---
title: "Climatology Lab TerraClimate"
output: rmarkdown::html_vignette
vignette: >
  %\VignetteIndexEntry{Climatology Lab TerraClimate}
  %\VignetteEngine{knitr::rmarkdown}
  %\VignetteEncoding{UTF-8}
date: "`r Sys.Date()`"
author: "Mitchell Manware"
---

```{r setup, include = FALSE}
# packages
knitr::opts_chunk$set(
  collapse = TRUE,
  comment = ""
)
library(amadeus)
```

This vignette demonstrates how to download, process, and calculate covariates from the Climatology Lab's [TerraClimate](https://www.climatologylab.org/terraclimate.html) dataset using `amadeus` functions.
Details are provided for each function's parameters and outputs.
The examples utilize monthly wind speed data.
See https://www.climatologylab.org/wget-terraclimate.html for full variable names and acronyms.
The messages returned by `amadeus` functions have been omitted for brevity.

### Download

Start by downloading the netCDF data files with `download_data`.
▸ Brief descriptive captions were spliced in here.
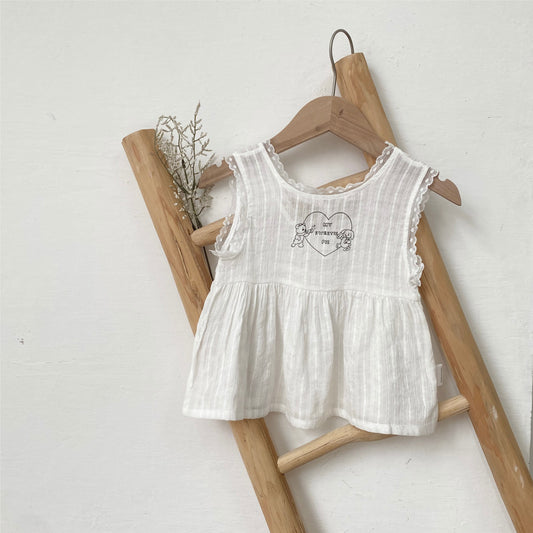 MyKids-USA® Summer Arrival Baby Girls Sleeveless Cute Lace Trim Thin Dress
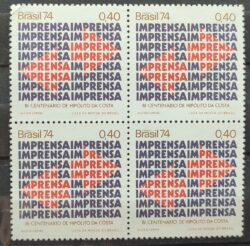 C 835 Selo Meios de Comunicacao Imprensa 1974 Quadra 1
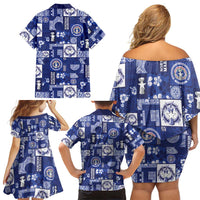 Northern Mariana Islands Magof Nochebuena Family Matching Off Shoulder Short Dress and Hawaiian Shirt Pacific Patchwork Xmas Vibes - Polynesian Pride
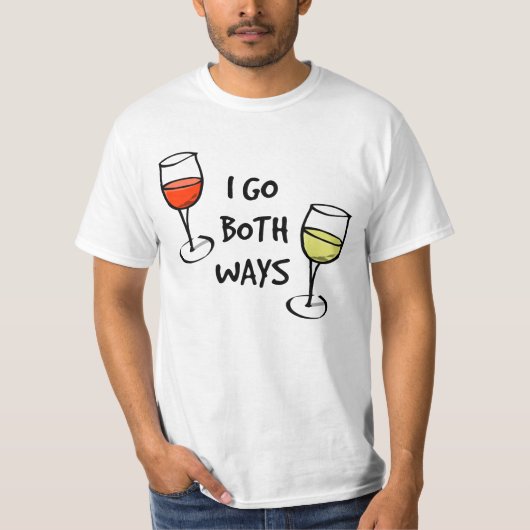 T-shirt Lunettes de vin de dessin Je vais les deux façons  (Devant)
* `dataset_name = "terraclimate"`: TerraClimate dataset name.
* `variable = "Wind Speed"`: wind speed variable name.
* `year = c(2021, 2022)`: years of interest.
* `directory_to_save = dir`: directory to save the downloaded files.
* `acknowledgement = TRUE`: acknowledge that the raw data files are large and may consume lots of local storage.
* `download = TRUE`: download the data files.
* `remove_command = TRUE`: remove the temporary command file used to download the data.
* `hash = TRUE`: generate unique SHA-1 hash for the downloaded files.

```{r, eval = FALSE}
dir <- tempdir()
amadeus::download_data(
  dataset_name = "terraclimate",
  variable = "Wind Speed",
  year = c(2021, 2022),
  directory_to_save = dir,
  acknowledgement = TRUE,
  download = TRUE,
  remove_command = TRUE,
  hash = TRUE
)
```

```{r, echo = FALSE}
cat('[1] "344cddba906371b701f661ccebeef3f427b2d8ec"')
```

Check the downloaded netCDF files.

```{r, eval = FALSE}
list.files(dir, recursive = TRUE, pattern = "ws")
```

```{r, echo = FALSE}
cat('[1] "ws/ws_2021.nc" "ws/ws_2022.nc"')
```

### Process

Import and process the downloaded netCDF files with `process_covariates`.

**Parameters:**

* `covariate = "terraclimate"`: TerraClimate dataset name.
* `variable = "Wind Speed"`: wind speed variable name.
* `date = c("2021-12-28", "2022-01-03")`: date range of interest.
* `path = paste0(dir, "/ws")`: directory containing the downloaded files.

```{r, eval = FALSE}
ws_process <- amadeus::process_covariates(
  covariate = "terraclimate",
  variable = "Wind Speed",
  date = c("2021-12-28", "2022-01-03"),
  path = file.path(dir, "/ws")
)
```

Check the processed `SpatRaster` object.
**Note** Climatology Lab TerraClimate is a monthly dataset, so the `SpatRaster` contains two layers for December 2021 and January 2022.

```{r, eval = FALSE}
ws_process
```

```{r, echo = FALSE}
cat('class       : SpatRaster 
dimensions  : 4320, 8640, 2  (nrow, ncol, nlyr)
resolution  : 0.04166667, 0.04166667  (x, y)
extent      : -180, 180, -90, 90  (xmin, xmax, ymin, ymax)
coord. ref. : +proj=longlat +ellps=WGS84 +no_defs 
sources     : ws_2021.nc  
              ws_2022.nc  
varnames    : ws (wind speed) 
              ws (wind speed) 
names       : ws_202112, ws_202201 
unit        :       m/s,       m/s 
time (days) : 2021-12-01 to 2022-01-01 
')
```

```{r, eval = FALSE}
terra::plot(ws_process[[1]])
```

![](images/ws_process.png){style="display: block; margin-left: auto; margin-right: auto;"}

### Calculate covariates

Covariate calculation with Climatology Lab TerraClimate data is undergoing updates.